En los institutos de bachillerato, si una se queda parada un momento en el vestíbulo en el cambio de hora, es como si lo hiciera en la plaza de la Catedral de La Laguna o en el ágora de Atenas: todo el mundo pasa por allí. Hay grupitos de profes que pasan rápido hablando de alumnos y grupitos de alumnos que pasan no tan rápido hablando de profes. A ambos grupos de vez en cuando los oyes decir. “¡No hay derecho!”. Te llegan frases sueltas (me salió fatal; es una pasada, tío; y ella me soltó entonces…). Y, en medio de todo eso, captas que van a hacer una tómbola. La organiza un grupo entusiasta y animoso en beneficio de los niños de Níger (ONG Save the children).
¡Ay, las tómbolas! Mis padres, llevados por la vena ludópata de la que ya hablé, no se perdían la tómbola grande que ponían por las fiestas en la Plaza de España de Santa Cruz, y yo todavía puedo rememorar el sentimiento de expectación que me despertaba. Sabes que siempre te toca algo pero no sabes el qué. Lo más seguro es que lo que te toca sea una cosa que ni borracho te hubieras comprado, pero ¿y la intriga, la sorpresa y la jiribilla?
Claro que hay tómbolas y tómbolas.

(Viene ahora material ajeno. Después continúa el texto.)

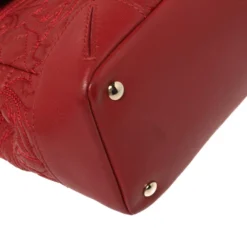 Versace Red Quilted Leather Altea Barocco Vanitas Top Handle Bag For Women -Versace Official Website luxury women versace used handbags p426815 010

Una amiga mía, para que su hija no se quedase sin la muñeca que le había tocado, tuvo que cantar delante de todo el mundo el  “Me gusta la chochona, qué linda la chochona…” que, aunque no está mal como canción de Eurovisión, no es como para que una la cante en su debut musical ante un público (entregado, eso sí).
Pero estoy segura de que en esta tómbola no nos van a hacer cantar. Si se dan una vueltita por allí, igual les toca un pijama rosado y calentito que me regalaron y al que no le he quitado la etiqueta y que voy a donar, o un despertador-cacatúa que también estará porque está en todas las tómbolas.
Además, como primicia mundial (alguna vez me iba a tocar ponerme filosófica), les brindo que los verdaderos inventores de las tómbolas fueron en realidad los sofistas, allá por el siglo IV antes de Cristo, que nos legaron esta perla: “Si se pidiera a todos los hombres que reunieran en un solo punto lo que cada uno ve inconveniente y luego pidiera de nuevo que retirara de aquel montón cada cual lo que estime conveniente, seguro que no quedaría allí nada sino que todo quedaría repartido entre ellos”. De tener esta idea a sacarle provecho no hay más que un paso, que seguramente dieron (¡Gran tómbola sofística!). Si van, entonces, no sólo estarán contribuyendo a una buena causa, sino que encima estarán haciendo filosofía. Y ser intelectual en estos tiempos la verdad es que viste mucho.